**WORK REQUIRED**
Your answer must be the full listing, word for word, with no images in it.

**PROVIDED DATA**
⁂

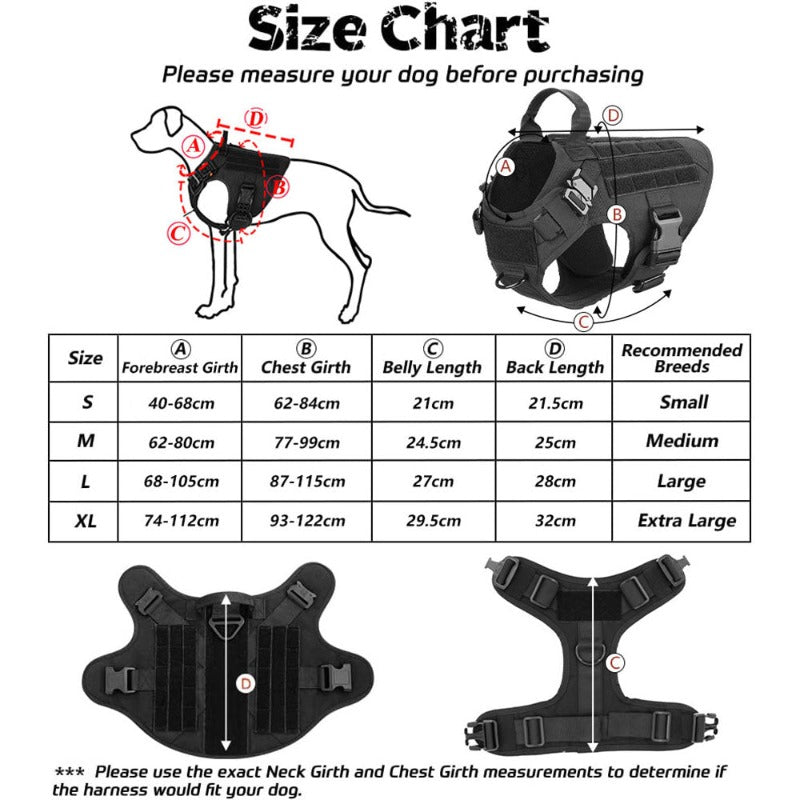 Large Dog Harness And Leash Set Shepherd Malinois Training Walking 5pcs Set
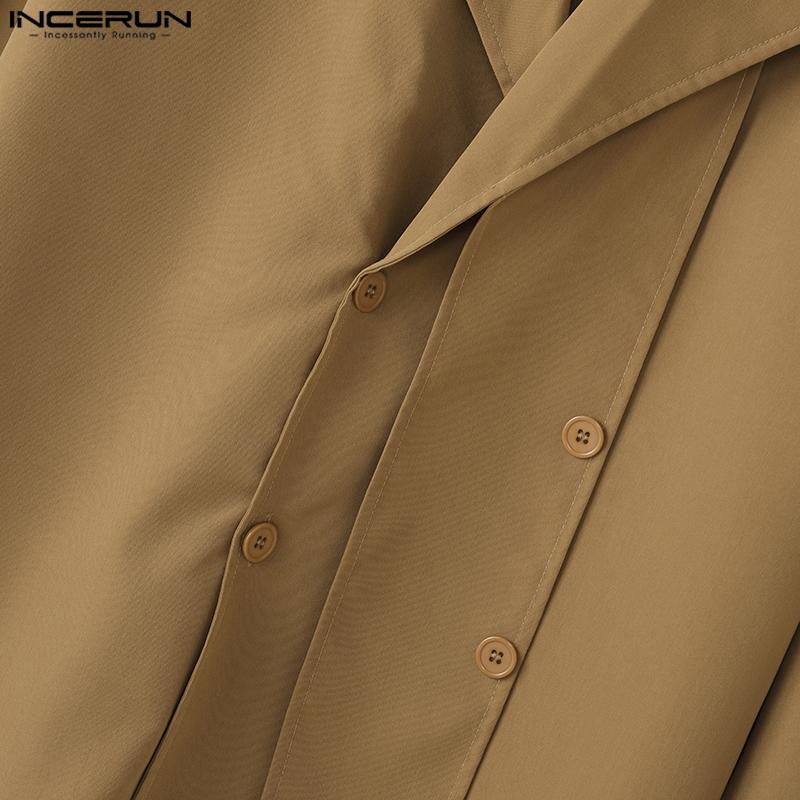 INCERUN Oversized Mens Lapel Neck Long Sleeve Button Down Casual Shirts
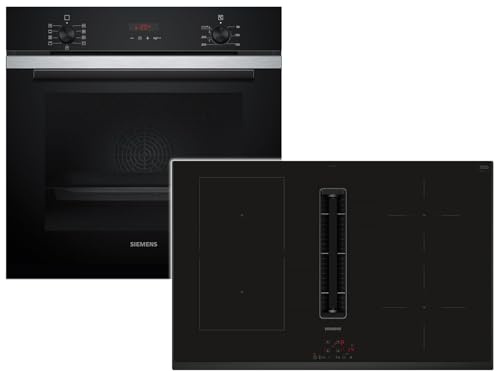 Siemens PQ314IV0SZ Set Pyrolyse Backofen Edelstahl HB273ABS3 + Induktionskochfeldabzug ED851BS16E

⁂

**FINAL ANSWER**
 Large Dog Harness And Leash Set Shepherd Malinois Training Walking 5pcs Set
 INCERUN Oversized Mens Lapel Neck Long Sleeve Button Down Casual Shirts
 Siemens PQ314IV0SZ Set Pyrolyse Backofen Edelstahl HB273ABS3 + Induktionskochfeldabzug ED851BS16E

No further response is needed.